There's such a stink about teachers in the limbo of the Rubber Rooms getting paid for doing nothing. Articles have them sleeping, watching DVD's, learning to knit, etc. All true, but let's look at the whole picture. Not one teacher in any Rubber Room asked to be there. Not one. Too many written articles seem to suggest these teachers purposely put themselves in the Rubber Rooms in order to get paid for doing whatever they pleased. If this was true, any outrage would be understandable. But it's not true. I repeat, not one teacher in any Rubber Room asked to be there!

As for those activities: the card playing, the DVD watching, the knitting, the sleeping, etc. Let's say you're at the airport and your flight is cancelled. For some reason they can't tell you the time of the next departure. So, what do you do? You're stuck. Some people get angry and start screaming at the poor clerks, some people start talking to other passengers. There's nothing like a shared disaster to bring strangers together. So, you sit and you wait, and you try to make the best of your time. You read the paper, buy a paperback, do a crossword puzzle, turn on your laptop if you have it with you, or sleep, or talk--whatever--you're stuck. If the delay isn't long, you can laugh about it as you get on board. But if the delay stretches beyond a reasonable time-- then what do you do? There's nothing to laugh about now. You're stuck in a way you never imagined. The angry passengers are angrier. There's now more time to fill. So, you fill it any way you can and hope your flight leaves soon.

The Rubber Rooms are like that. These teachers are stuck. And it's more like a bus station than an airport. The rooms are small and overcrowded, and the clock keeps ticking, with nobody knowing when their hearing date will be coming up. They're stuck. What do you expect them to do? They would all welcome a quick hearing, but they have no control over anything that happens to them anymore. Their job is to wait. This is dictated by The Department of Education and the UFT, not the teachers themselves. And for that they get paid. They're stuck in a way they never imagined. And they're not stuck for days, many of them are stuck for years. So, they fill their time any way they can, and hope their hearings come soon.

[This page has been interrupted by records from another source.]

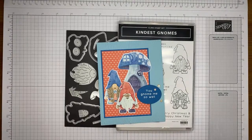Thanks so much for joining me today. I have a fun card to show you. This is one of those stamp sets that I know some people absolutely love it and others are like, gnomes, what in the world?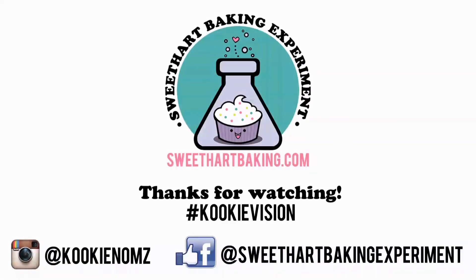Thanks for watching, guys. Be sure to like me on Facebook and on Instagram. Bye!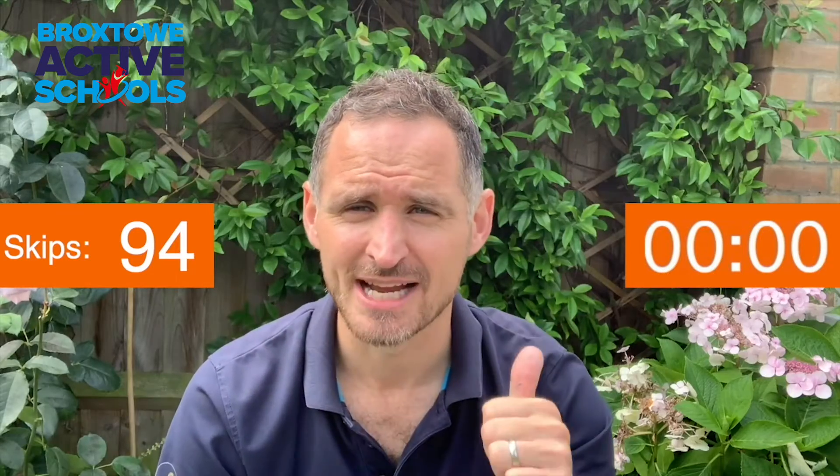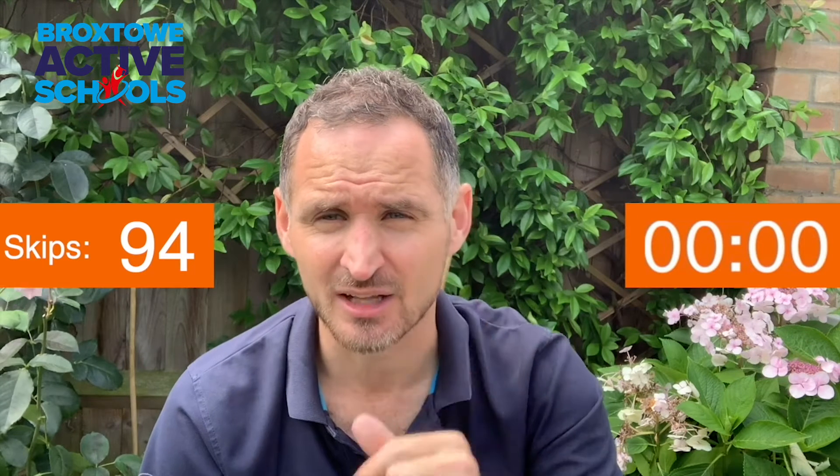Light on your feet. You've really got that technique sorted. Silver is yours.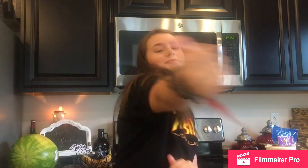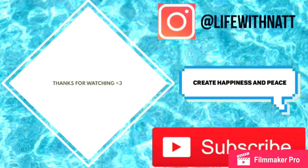If you guys enjoyed, go ahead and give it a thumbs up. And if you guys are new and you're not subscribed and you want to see more videos like this, go ahead and click subscribe down below. And I will see you guys next time. Bye!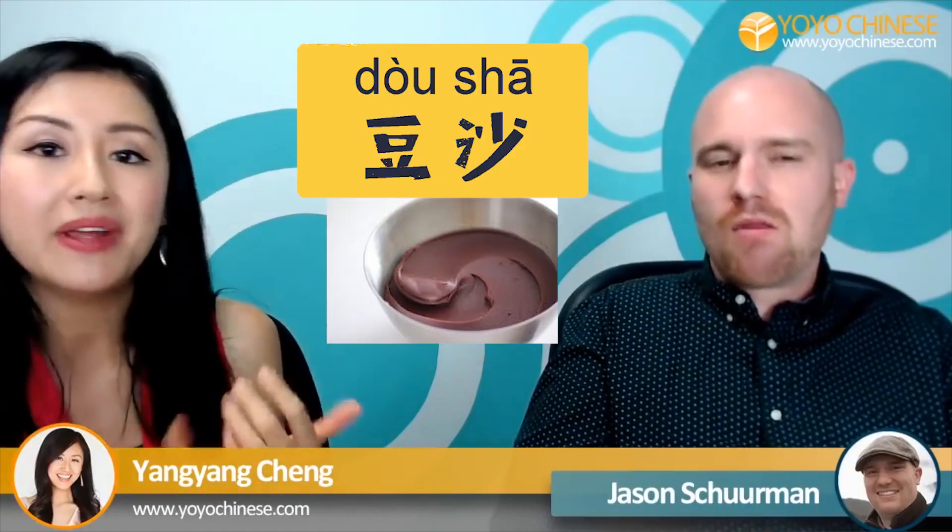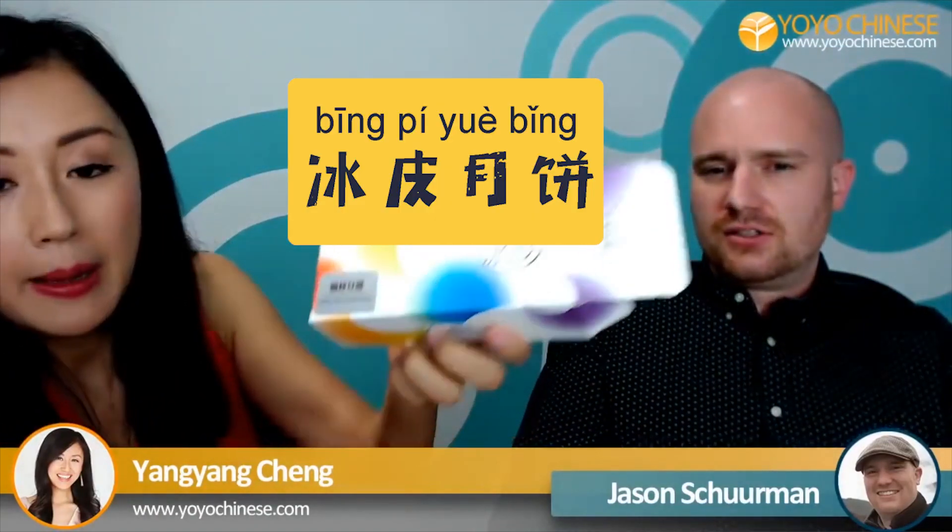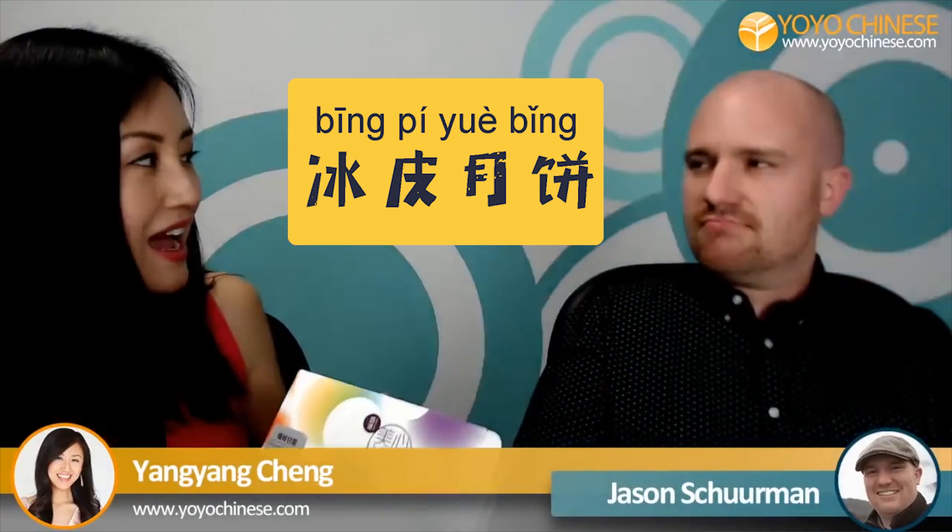The two most classic yuèbǐng flavors are lotus paste and red bean paste. But as time goes by, modern yuèbǐng can also look like this. This one is what we call the ice skin mooncake. It tastes like mochi — it's like an ice cream mooncake.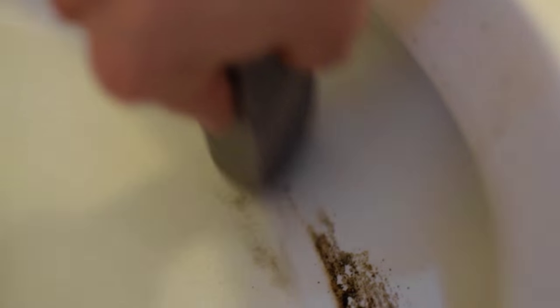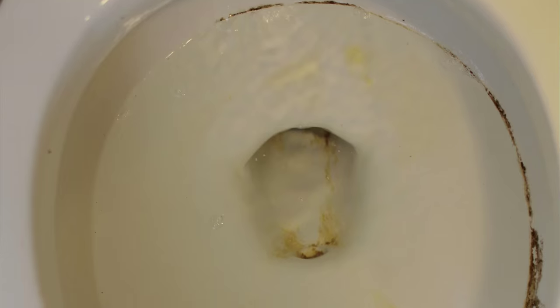Some of the hardest stains were up where the water comes out of the toilet — just hard water stains — and it worked really great to get rid of those. Here's a little before of what that one looked like, and then here is the after.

I know of teachers who've asked if they could take classes. Being professionals they wanted to keep up with any changes, since the curriculum under Klein keeps shifting, as the Chancellor struggles to create a one-size-fits-all educational system. The Union representative said he would get back to them. Nobody got back to them. Nobody cares. The Union Reps go through the motions. They do what they have to do to make it seem as if they're doing something. After the first articles came out exposing the Rubber Rooms there were meetings and rallys. Randi Weingarten went personally to soothe those languishing in Rubber Rooms. She made them feel like something was going to be done. Nothing was done.

The teachers in the Rubber Rooms don't want to just sit around. The Klein Laws dictate that they do.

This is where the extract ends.